TASK DETAILS:
Give the data below again exactly, and drop each picture from it.

DATA BLOCK:
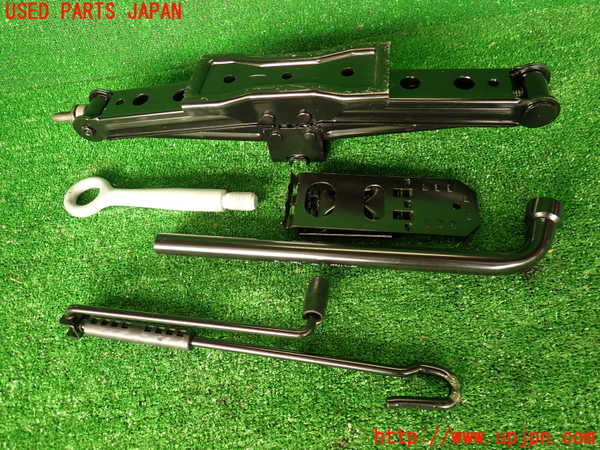 2UPJ-9229917805]ジャガー・Fペイス(DC2NA)車載工具 中古_2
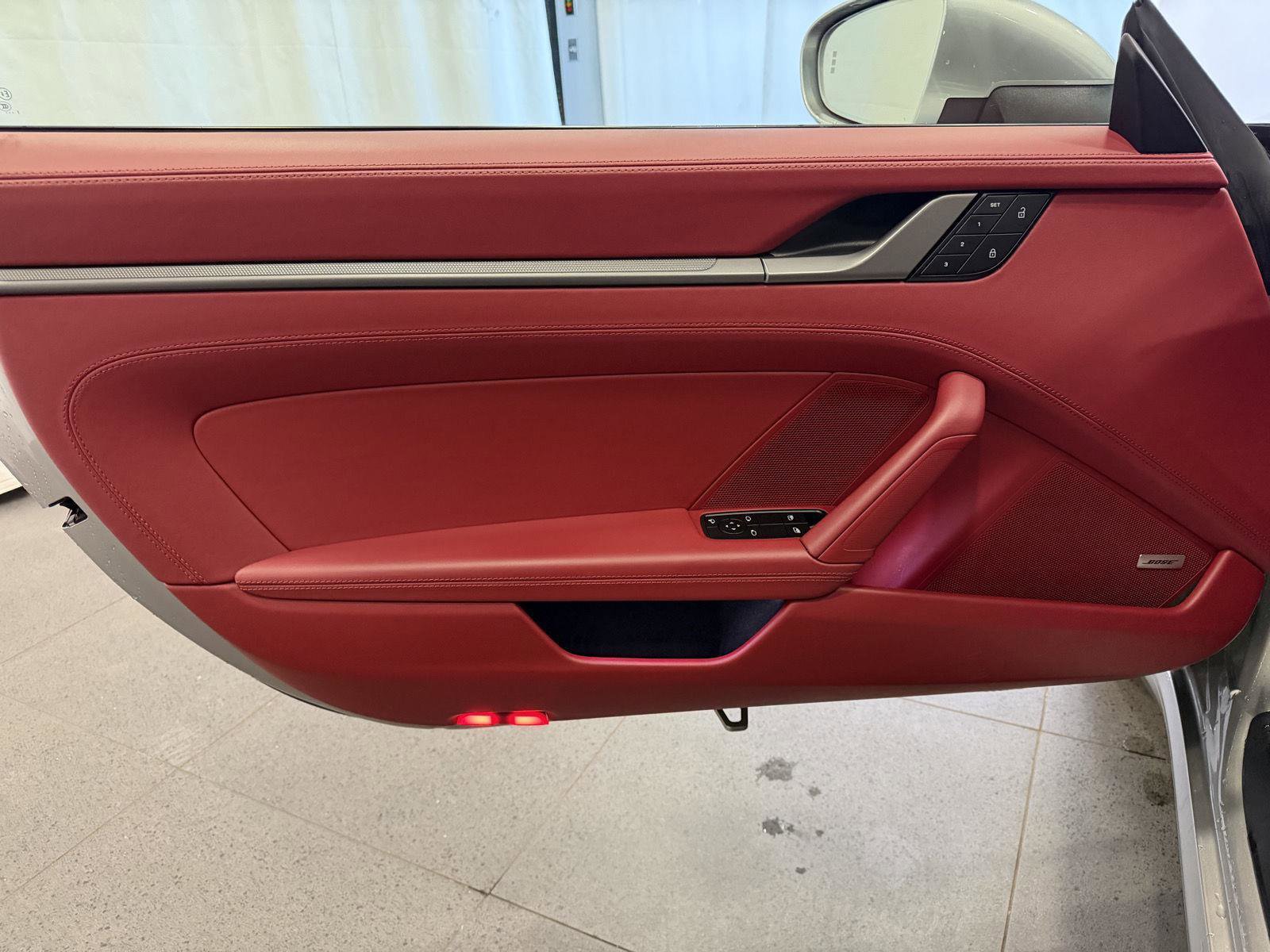 Used 2022 Porsche 911 Carrera image 15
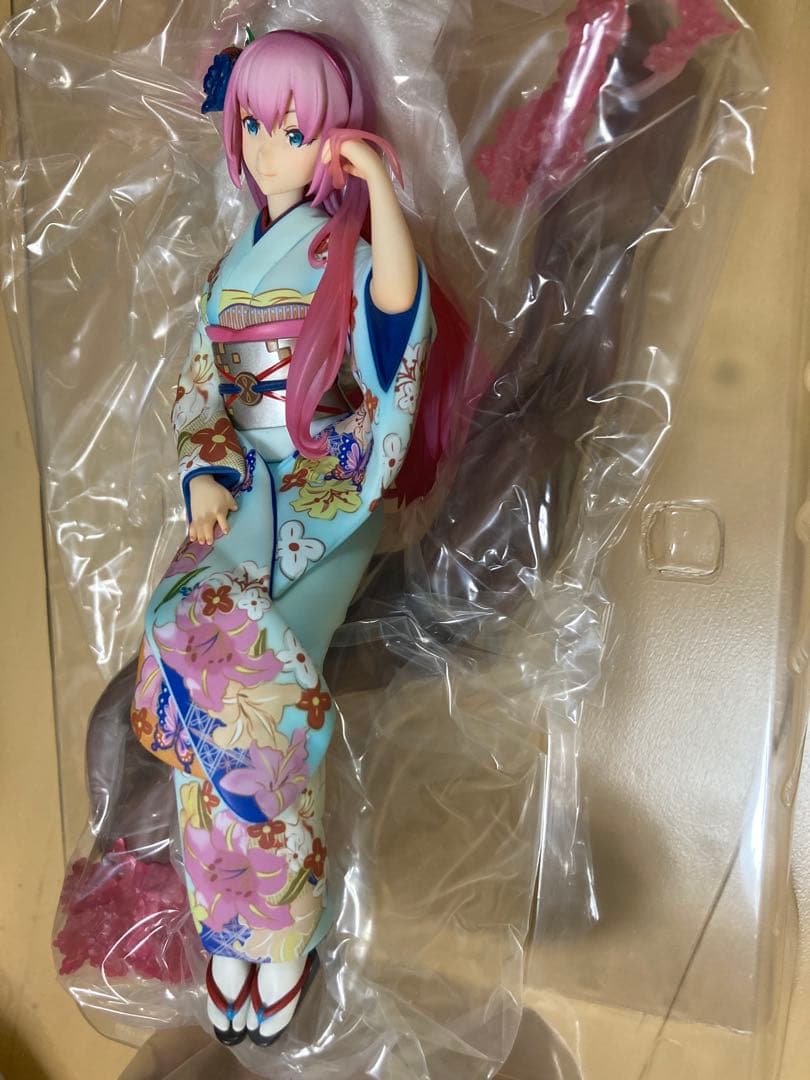 ストロンガー VOCALOID 巡音ルカ 花色衣　1/8 スケール　フィギュア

RESPONSE AREA:
 2UPJ-9229917805]ジャガー・Fペイス(DC2NA)車載工具 中古_2
 Used 2022 Porsche 911 Carrera image 15
 ストロンガー VOCALOID 巡音ルカ 花色衣　1/8 スケール　フィギュア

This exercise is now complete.